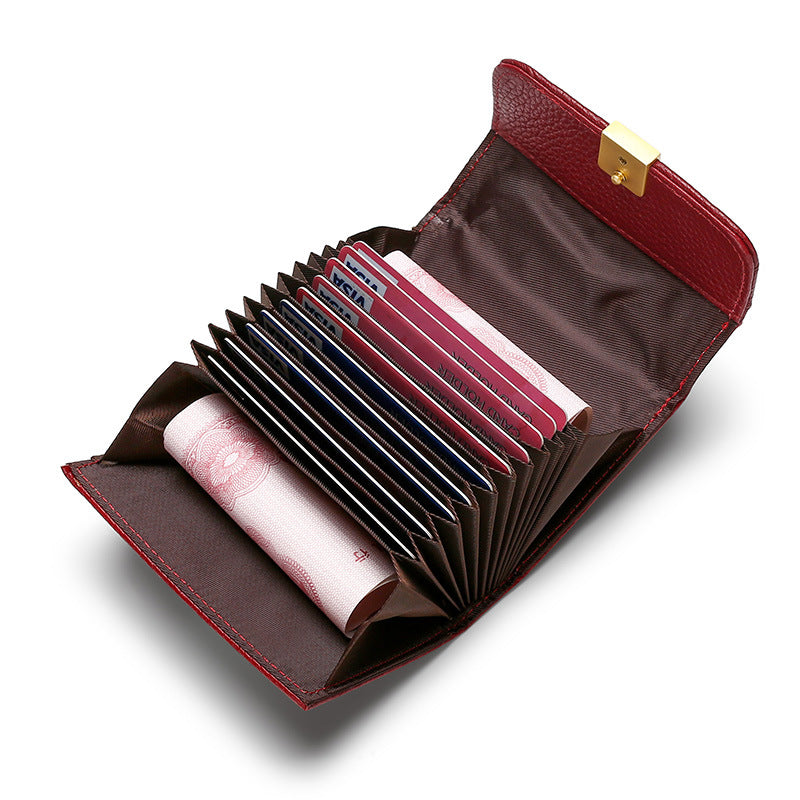 First Layer Cowhide Versatile Leather Organ Card Holder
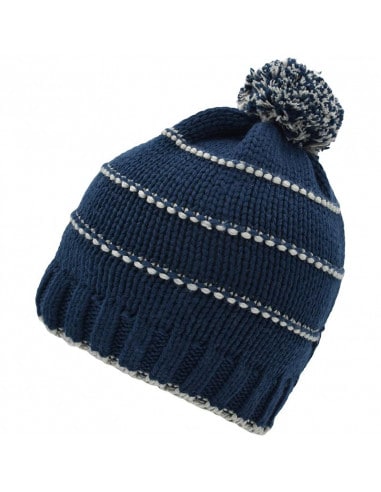 Striped beanie with knitted pompom lined with fleece for men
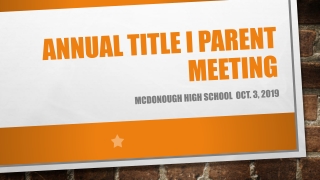 Annual Title I Parent Meeting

______________________________

EXERCISE INSTRUCTIONS.
Output the listing above in full and exactly, with pictures excluded.

WRITTEN SOLUTION.
 First Layer Cowhide Versatile Leather Organ Card Holder
 Striped beanie with knitted pompom lined with fleece for men
 Annual Title I Parent Meeting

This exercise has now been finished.